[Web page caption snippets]
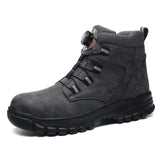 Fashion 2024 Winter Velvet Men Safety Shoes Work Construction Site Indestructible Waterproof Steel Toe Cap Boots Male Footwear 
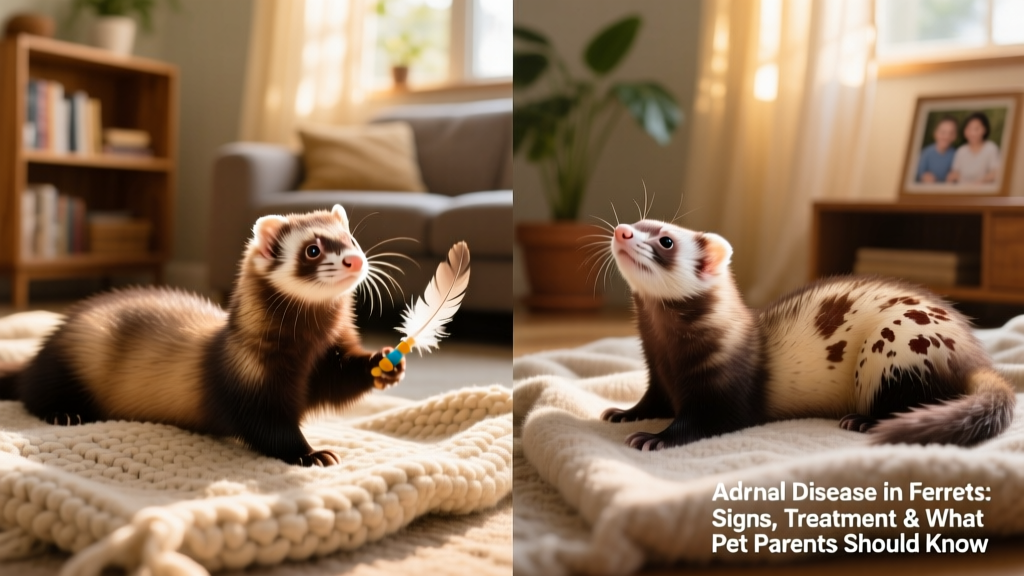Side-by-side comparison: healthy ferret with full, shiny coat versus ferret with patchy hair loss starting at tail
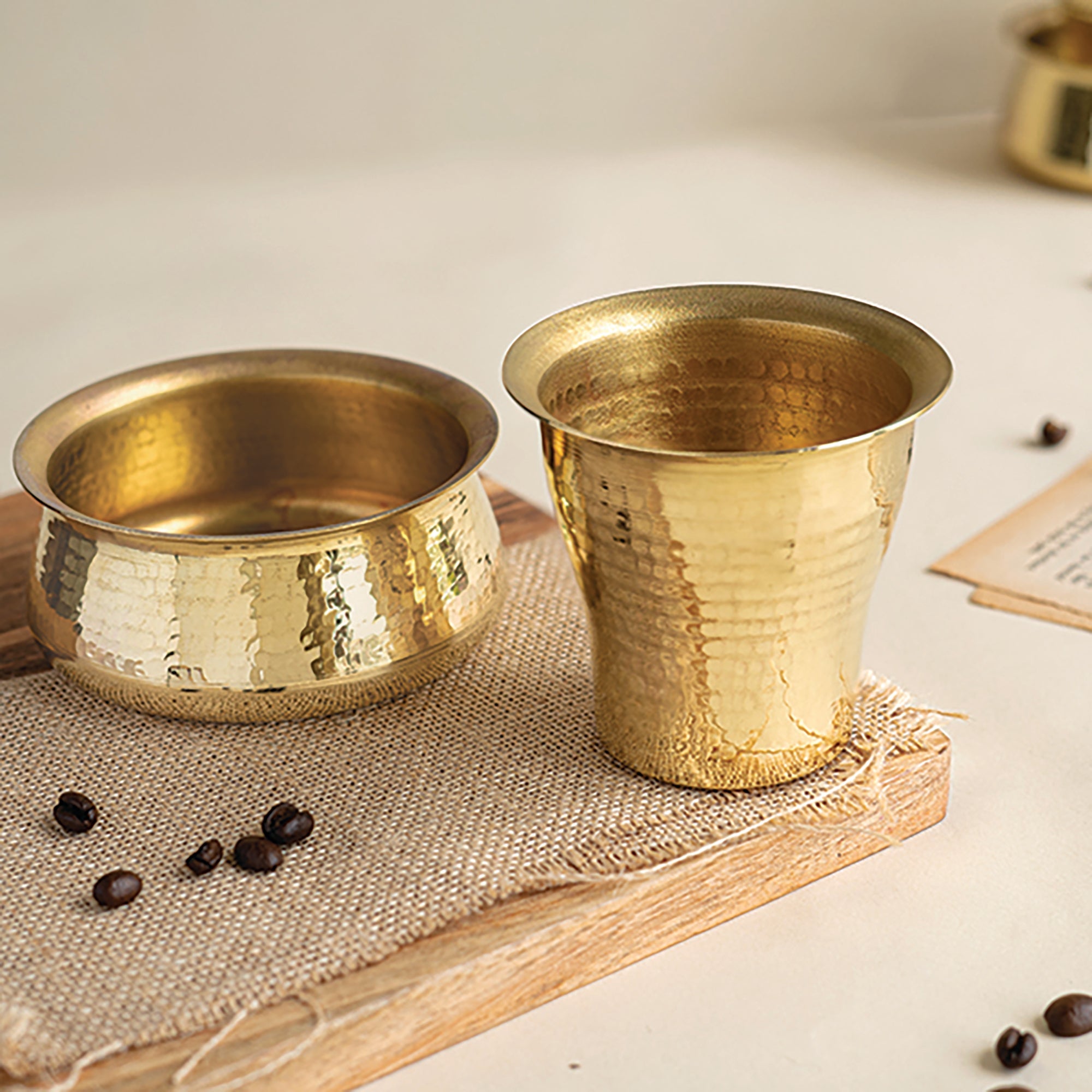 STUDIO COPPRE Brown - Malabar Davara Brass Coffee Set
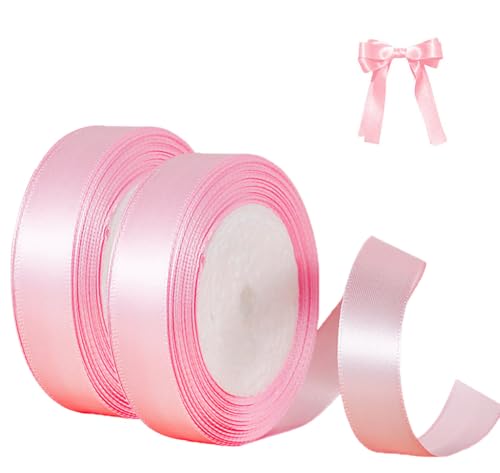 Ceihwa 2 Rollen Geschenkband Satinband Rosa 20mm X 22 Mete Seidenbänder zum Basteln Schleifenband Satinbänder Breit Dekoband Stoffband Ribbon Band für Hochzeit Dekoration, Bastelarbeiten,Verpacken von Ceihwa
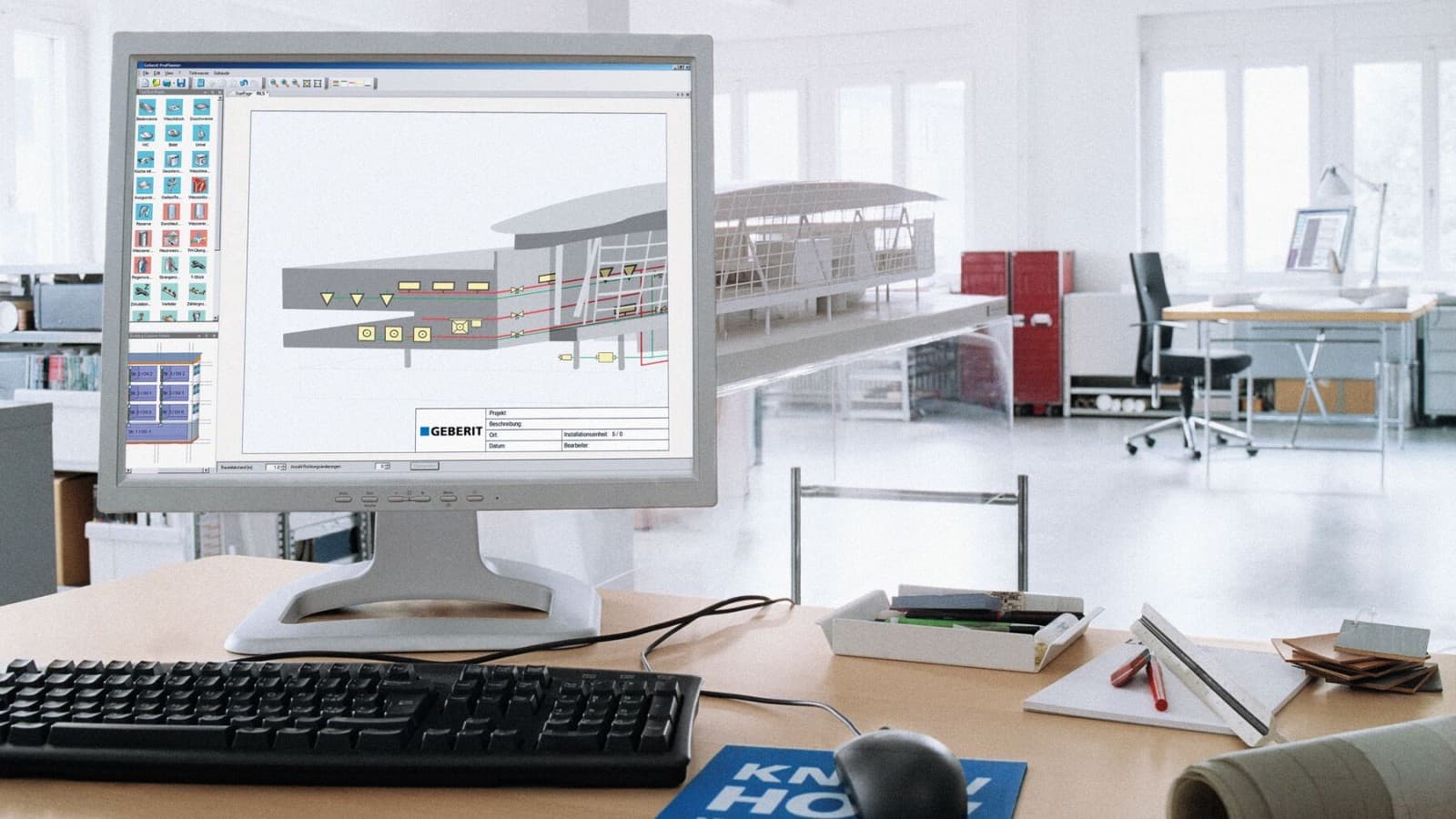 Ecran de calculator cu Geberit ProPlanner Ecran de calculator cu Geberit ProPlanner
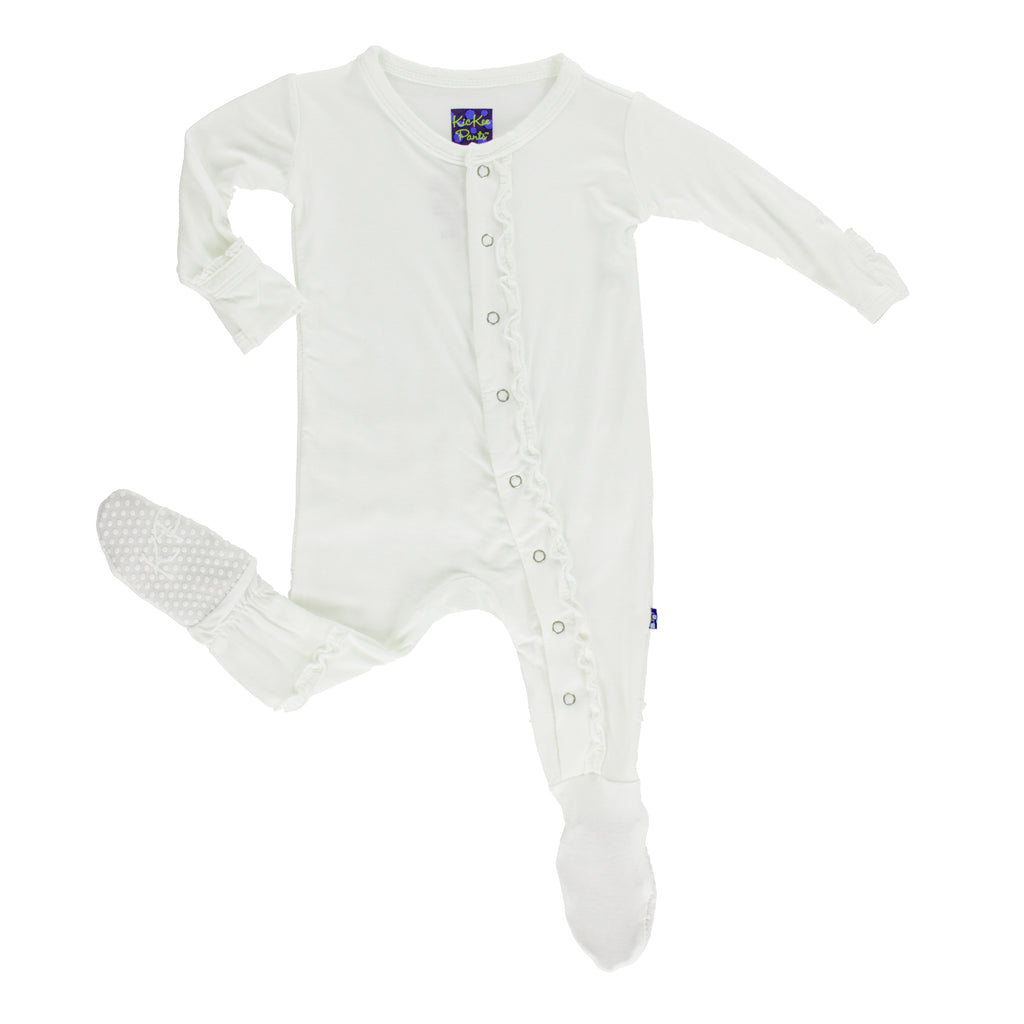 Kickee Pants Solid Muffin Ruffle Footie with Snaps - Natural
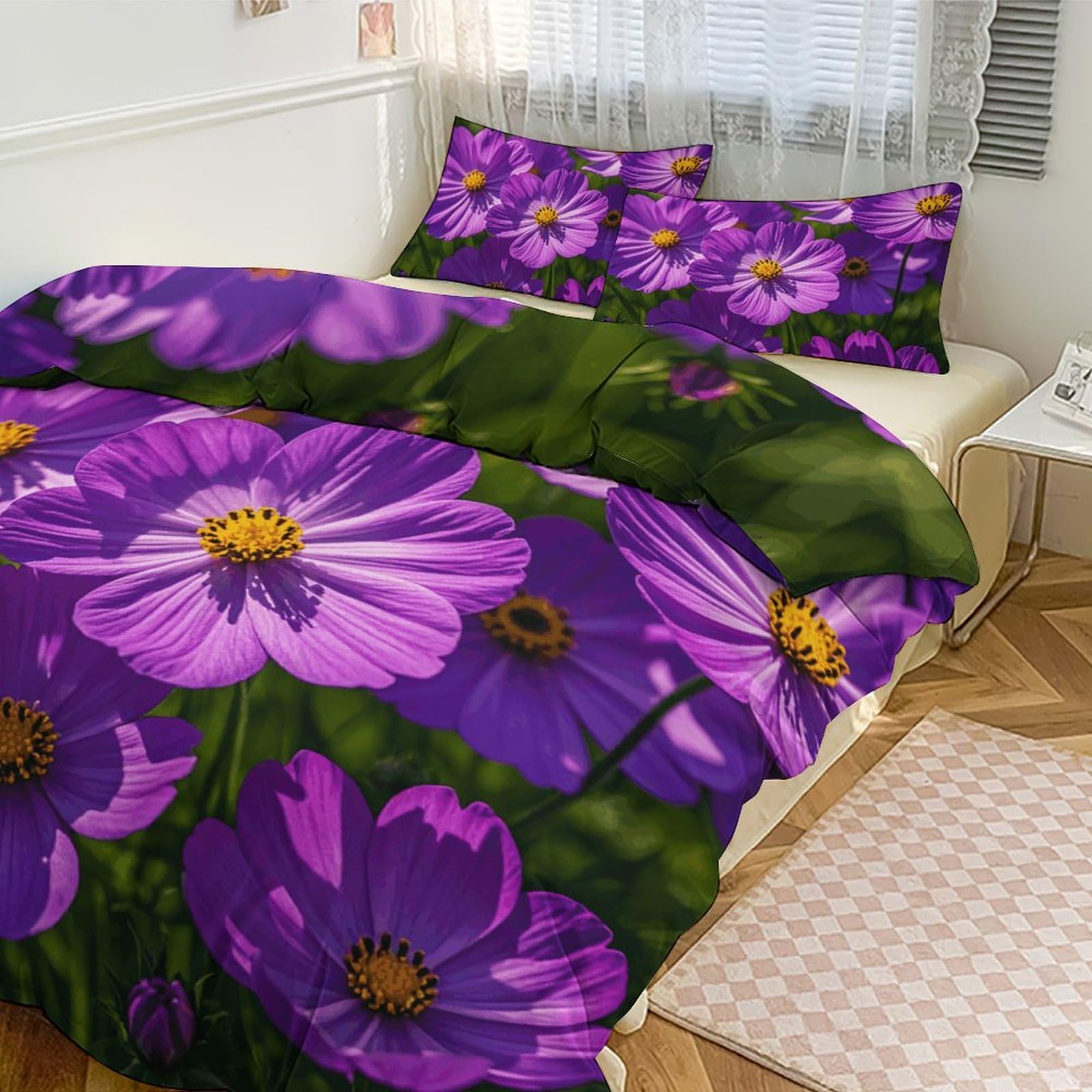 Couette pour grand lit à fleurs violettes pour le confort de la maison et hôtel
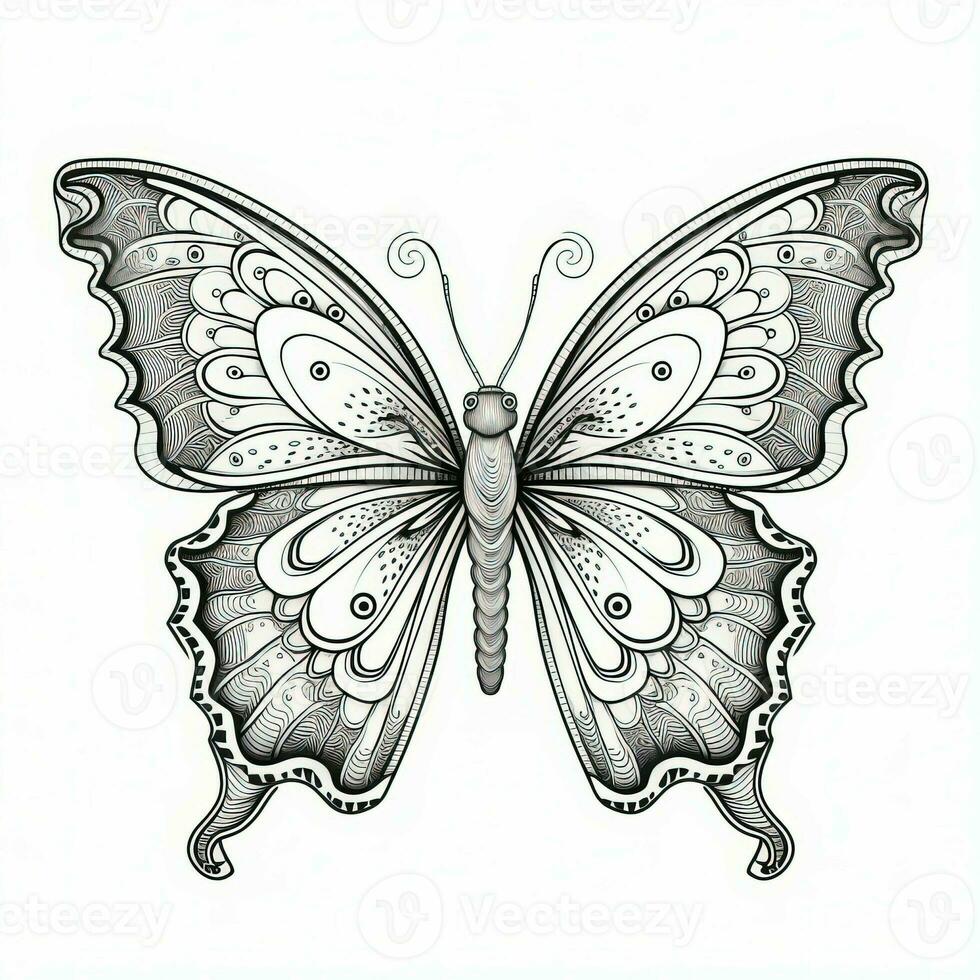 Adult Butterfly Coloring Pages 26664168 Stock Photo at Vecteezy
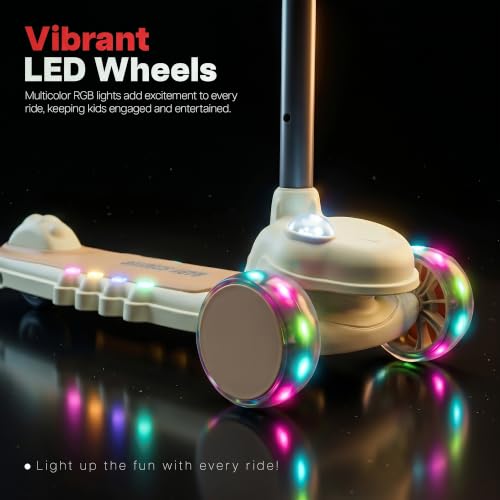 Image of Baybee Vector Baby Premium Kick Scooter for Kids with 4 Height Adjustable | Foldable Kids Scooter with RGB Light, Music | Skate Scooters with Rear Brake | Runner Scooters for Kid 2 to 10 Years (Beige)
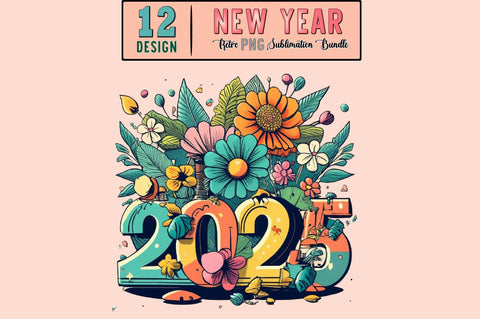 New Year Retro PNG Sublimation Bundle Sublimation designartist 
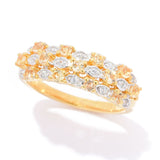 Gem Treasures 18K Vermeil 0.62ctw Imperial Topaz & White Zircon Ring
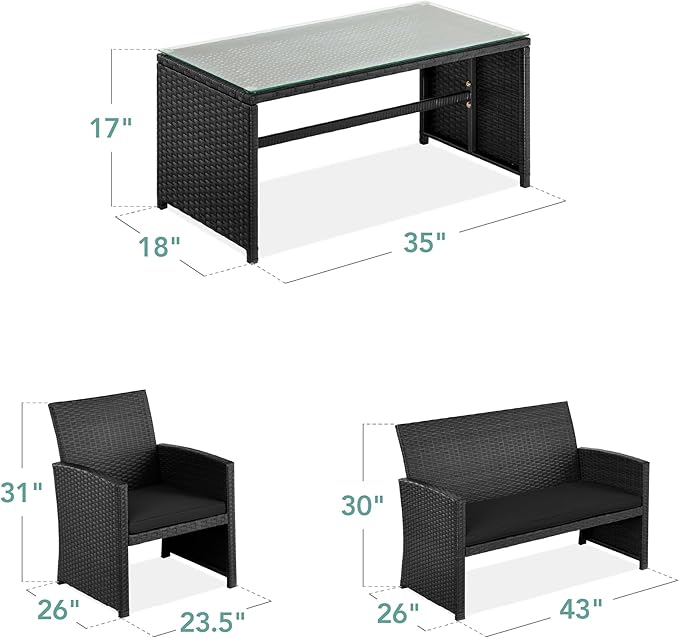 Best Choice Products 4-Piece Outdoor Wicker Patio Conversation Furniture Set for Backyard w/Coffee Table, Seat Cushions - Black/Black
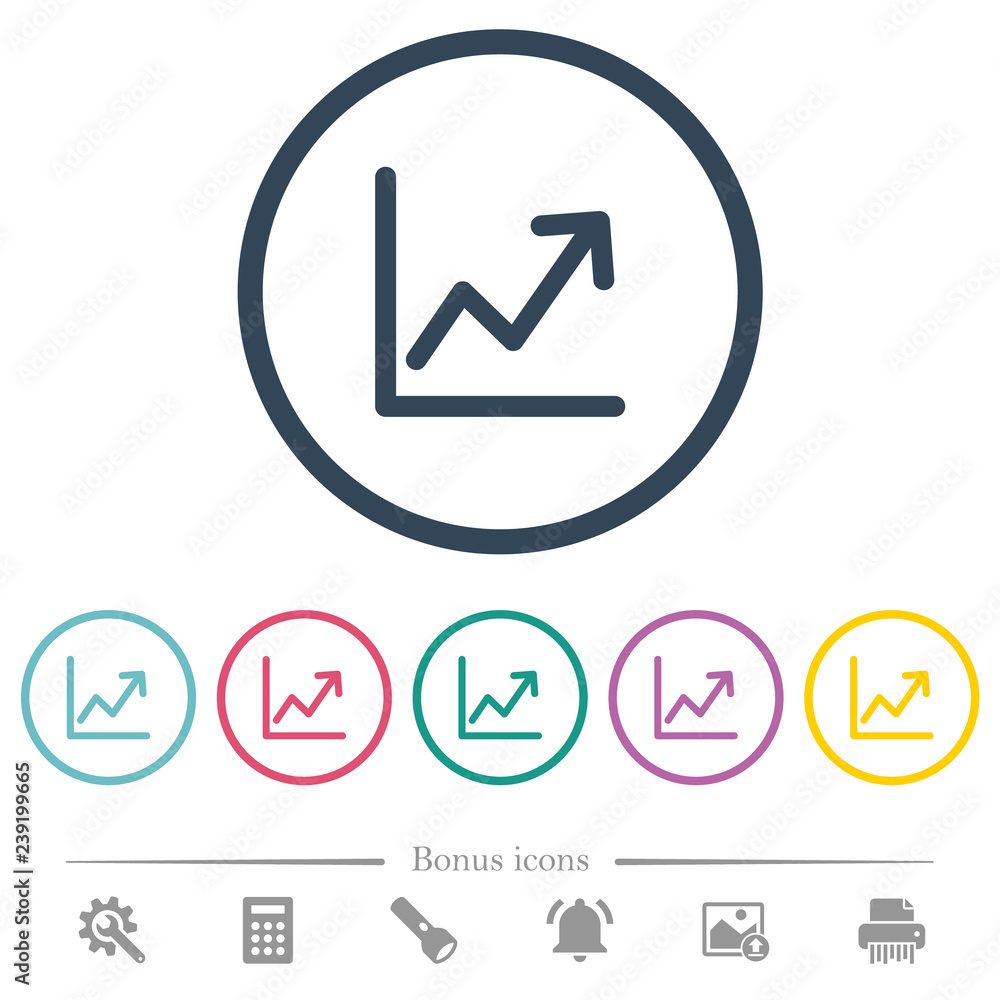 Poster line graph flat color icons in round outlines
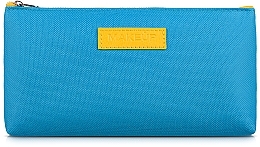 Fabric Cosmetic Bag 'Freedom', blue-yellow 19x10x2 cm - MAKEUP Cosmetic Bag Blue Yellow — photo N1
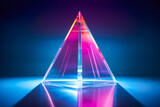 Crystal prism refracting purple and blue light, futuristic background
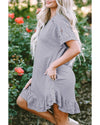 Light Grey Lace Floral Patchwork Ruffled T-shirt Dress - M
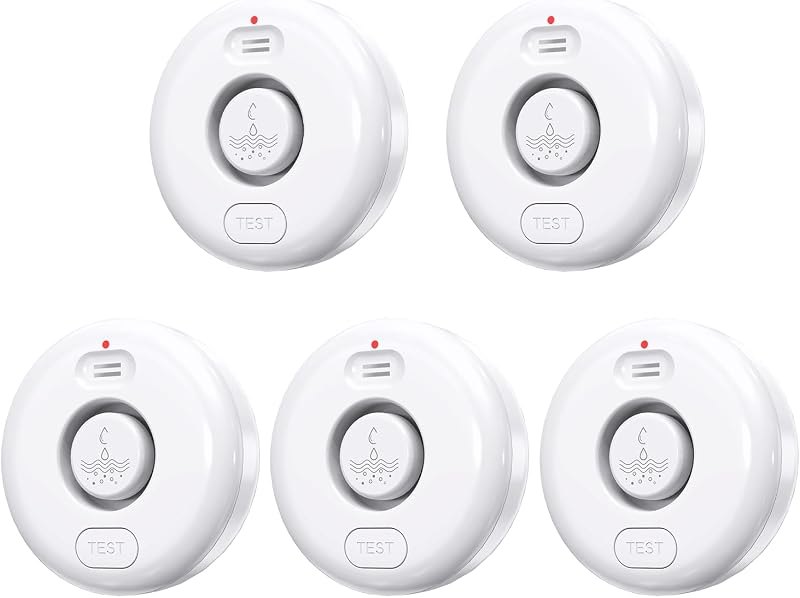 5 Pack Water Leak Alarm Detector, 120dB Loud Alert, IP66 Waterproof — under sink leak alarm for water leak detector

What the task asks: Omit all images when repeating the data above exactly.

Answer box:
 Fashion 2024 Winter Velvet Men Safety Shoes Work Construction Site Indestructible Waterproof Steel Toe Cap Boots Male Footwear 
Side-by-side comparison: healthy ferret with full, shiny coat versus ferret with patchy hair loss starting at tail
 STUDIO COPPRE Brown - Malabar Davara Brass Coffee Set
 Ceihwa 2 Rollen Geschenkband Satinband Rosa 20mm X 22 Mete Seidenbänder zum Basteln Schleifenband Satinbänder Breit Dekoband Stoffband Ribbon Band für Hochzeit Dekoration, Bastelarbeiten,Verpacken von Ceihwa
 Ecran de calculator cu Geberit ProPlanner Ecran de calculator cu Geberit ProPlanner
 Kickee Pants Solid Muffin Ruffle Footie with Snaps - Natural
 Couette pour grand lit à fleurs violettes pour le confort de la maison et hôtel
 Adult Butterfly Coloring Pages 26664168 Stock Photo at Vecteezy
 Image of Baybee Vector Baby Premium Kick Scooter for Kids with 4 Height Adjustable | Foldable Kids Scooter with RGB Light, Music | Skate Scooters with Rear Brake | Runner Scooters for Kid 2 to 10 Years (Beige)
 New Year Retro PNG Sublimation Bundle Sublimation designartist 
 Gem Treasures 18K Vermeil 0.62ctw Imperial Topaz & White Zircon Ring
 Best Choice Products 4-Piece Outdoor Wicker Patio Conversation Furniture Set for Backyard w/Coffee Table, Seat Cushions - Black/Black
 Poster line graph flat color icons in round outlines
 Fabric Cosmetic Bag 'Freedom', blue-yellow 19x10x2 cm - MAKEUP Cosmetic Bag Blue Yellow — photo N1
 Crystal prism refracting purple and blue light, futuristic background
 Light Grey Lace Floral Patchwork Ruffled T-shirt Dress - M
 5 Pack Water Leak Alarm Detector, 120dB Loud Alert, IP66 Waterproof — under sink leak alarm for water leak detector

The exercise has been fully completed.